What you return should be the lines from the one with "Previa Jornada 16" through the one with "Blue Print ADBP250089" in the data below, reproduced exactly with both ends, and no pictures at all.

• [DATA FOR THIS TASK]
>>>

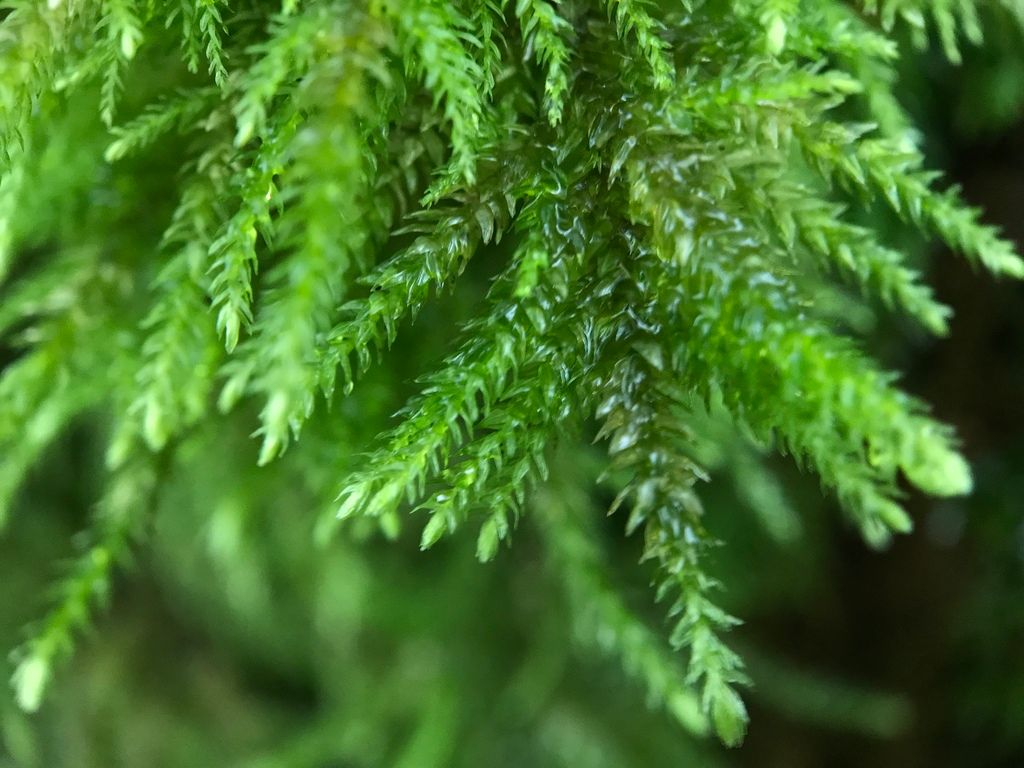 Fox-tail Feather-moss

<<<
>>>

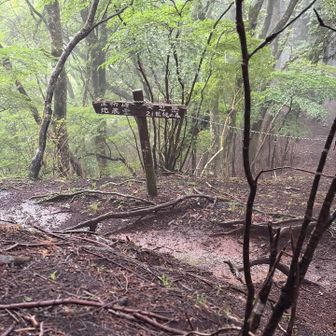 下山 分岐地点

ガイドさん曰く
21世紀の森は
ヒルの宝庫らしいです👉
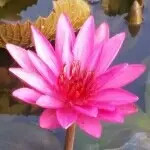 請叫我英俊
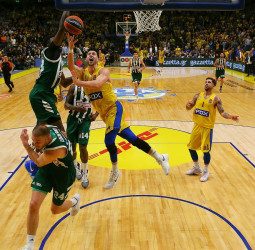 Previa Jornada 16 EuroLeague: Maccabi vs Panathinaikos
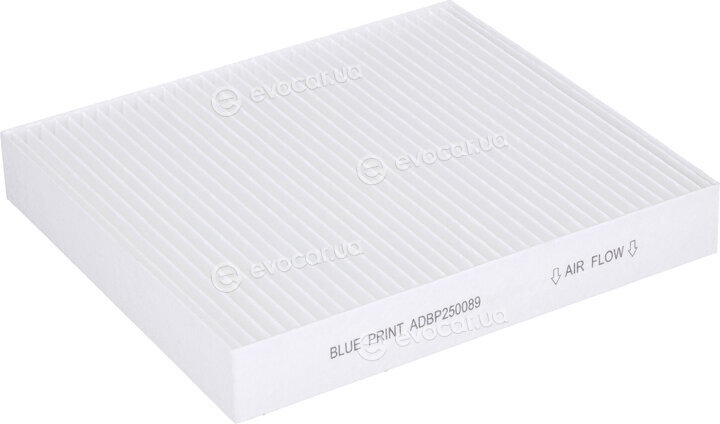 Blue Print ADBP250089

<<<

• [EXPECTED ANSWER]
 Previa Jornada 16 EuroLeague: Maccabi vs Panathinaikos
 Blue Print ADBP250089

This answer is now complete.